In one painting, “Three Sisters”, the faces of matriarchs from three different communities and time periods cross, appear and disappear in the frame, with optical illusions created by the overlapping lines and colors. “They collide, they collapse like sediments of history,” said Jackson.
Ashley James, Associate Curator at the Guggenheim, is fascinated by how Jackson adapts a concept Albers called “vibrating borders”, how neighboring saturated colors seem to interact and how colored people are perceived in public spaces. “She rejects the idea that aesthetics can be separated from our political history,” said James.

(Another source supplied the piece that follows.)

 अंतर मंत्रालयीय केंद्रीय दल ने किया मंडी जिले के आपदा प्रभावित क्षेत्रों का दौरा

Jackson began mural painting and worked for several years as an apprentice to muralist Juana Alicia from Chicano, California. Her interest in abstraction was sparked when she moved to New York in 2005 to attend the Cooper Union. She was a student of the critic Dore Ashton, who witnessed the rise of Abstract Expressionism first hand and brought its narrative to life for Jackson.
As she walked around New York, Jackson was struck by the ubiquity of awnings and came up with the idea of wrapping her paintings around awning-like structures protruding from walls (a technique she still uses in museum exhibits to attach to public spaces to remember). She hung clear vinyl strips on her pictures after seeing the usual plastic hatches that insulate cold rooms in New York bodegas.

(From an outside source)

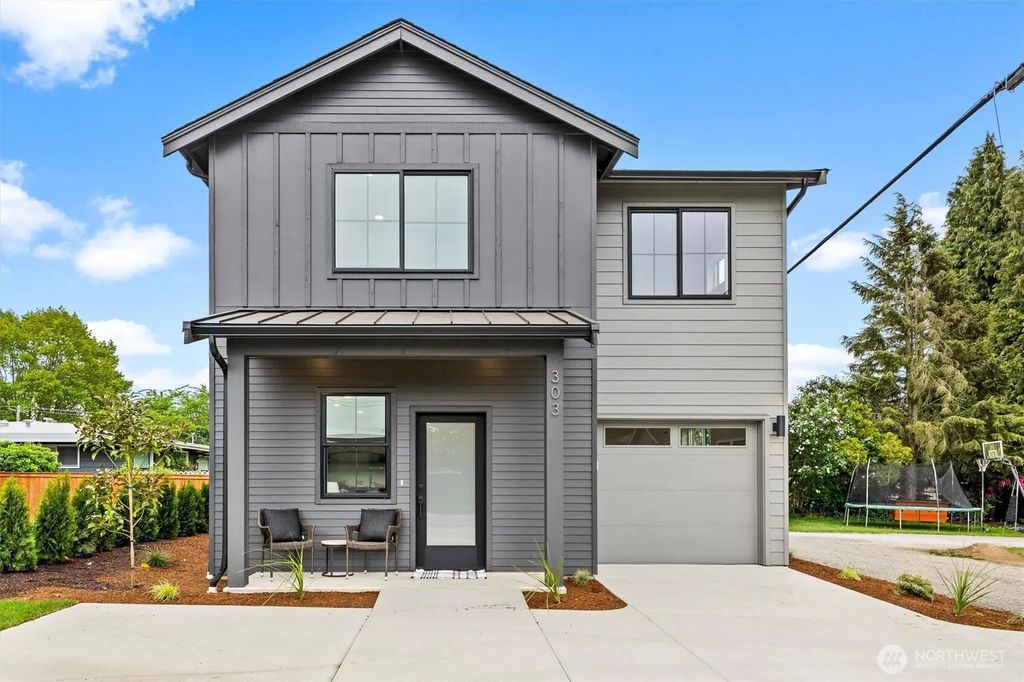 303 S 17th Street, Lynden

After graduating in 2010, Jackson studied at the MIT School of Architecture and Planning. For her master’s thesis, she interviewed her mother, an engineer, about her family’s suppressed history as domestic servants. It established their approach of collecting oral traditions.
“The research she does for each and every show could get a Ph.D. Thesis, ”said Connie Tilton, a founder of the Tilton Gallery in New York. She met Jackson in 2016 at Yale’s Open Studios and that year offered her a solo exhibition in a gallery. (Jackson is now also represented by the Night Gallery in Los Angeles.)
Jane Panetta, curator of the 2019 Whitney Biennale, pointed to similarities between “The Land Claim” and the Biennale project, in which Jackson used pictures of the Seneca village in the 1850s with contemporary press reports on the properties seized by the city in the wake of gentrification parts of Brooklyn merged into blacks.
“Like Central Park, the Hamptons are a very familiar, very popular, very polished place, but they have these buried, complex, often ugly stories,” Panetta said. She is also impressed by the artist’s use of aesthetic techniques to capture these stories in a not too didactic way. “Albers gave her the idea that color is subjective and can change depending on the context – it’s not a static thing,” she said.
Jackson’s impulse is always to expand the historical archive through conversations. “I consider myself a portraitist by nature,” she said, “look at other people carefully and try to capture a kind of essential humanity.”
Tomashi Jackson: The Land Claim
July 11 through November 7, Parrish Art Museum, 279 Montauk Highway, Water Mill, NY 631-283-2118; parrishart.org.